“I have heard that, in the past, pot plants would sometimes be intermingled with tobacco plants, because they’re tall enough to hide the pot plants from aerial surveillance,” says Nabuu. He notes, however, that tobacco is no longer grown on PEI, so guerilla growers have had to become more imaginative.
Many of the mainstream farmers Nabuu represents — for the most part a prosperous bunch in this “Garden of the Gulf” — aren’t paying much attention to the burgeoning industry. Potatoes are big business here in PEI, not to mention dairying, and berrying. The group’s members are more concerned about rocketing fuel costs and new provincial crop-rotation mandates, says Nabuu.
But PEI’s pot production could have wider consequences. Though not specifically focused on PEI, a 2007 DEA report, “The National Drug Threat Assessment,” states that New Englanders are getting more and more marijuana from north of the border.
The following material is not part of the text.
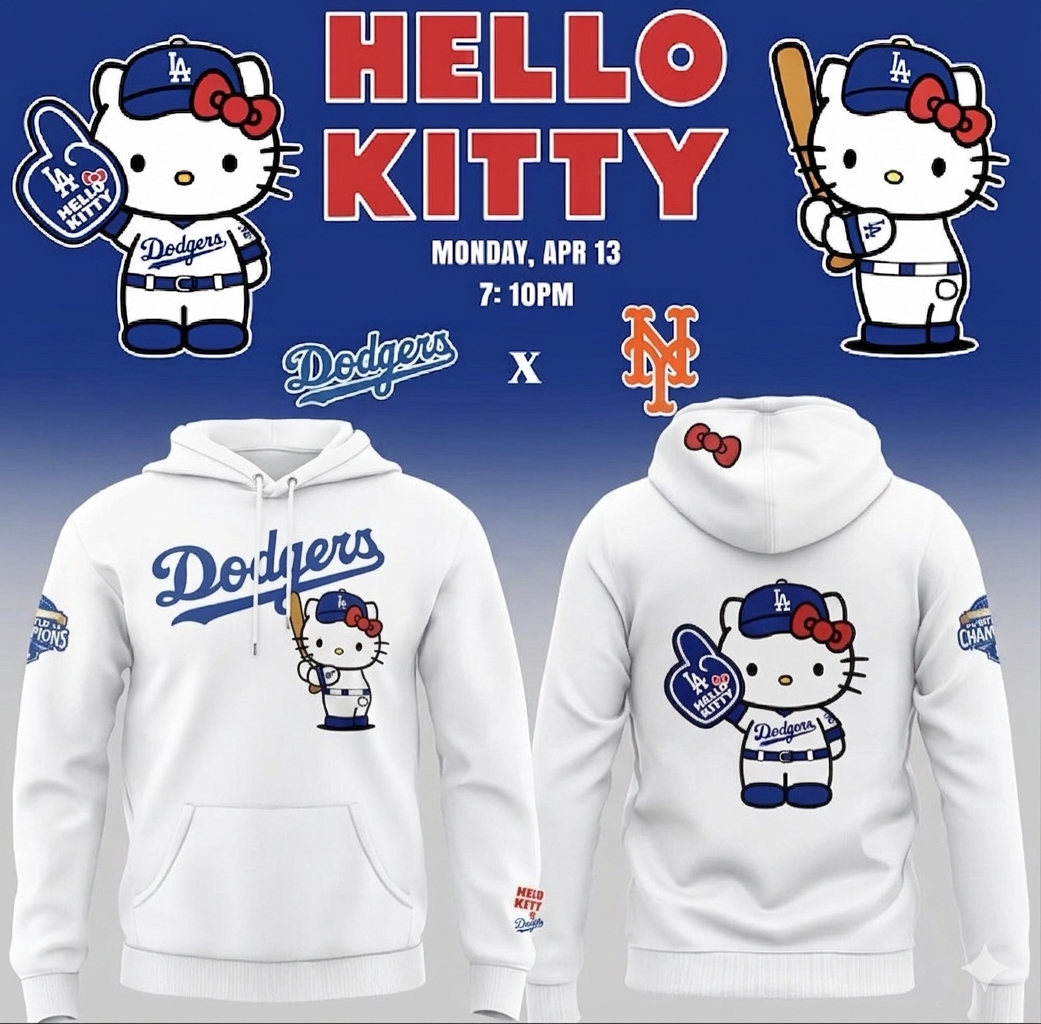 Dodgers X Hello Kitty Pullover Hoodie 2026 New S-5XL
In an ironic reprise of the States’ Prohibition era, when enterprising Maritimers made a good living supplying the US with gin and whisky, the DEA says pot and hard drugs are now coming south by land from such places as Quebec and New Brunswick, and via ocean shipments emanating from the Maritimes in general.
For now, PEI’s contribution to this aspect of international trade is still below the radar. But one thing is clear: PEI pot is no longer small potatoes.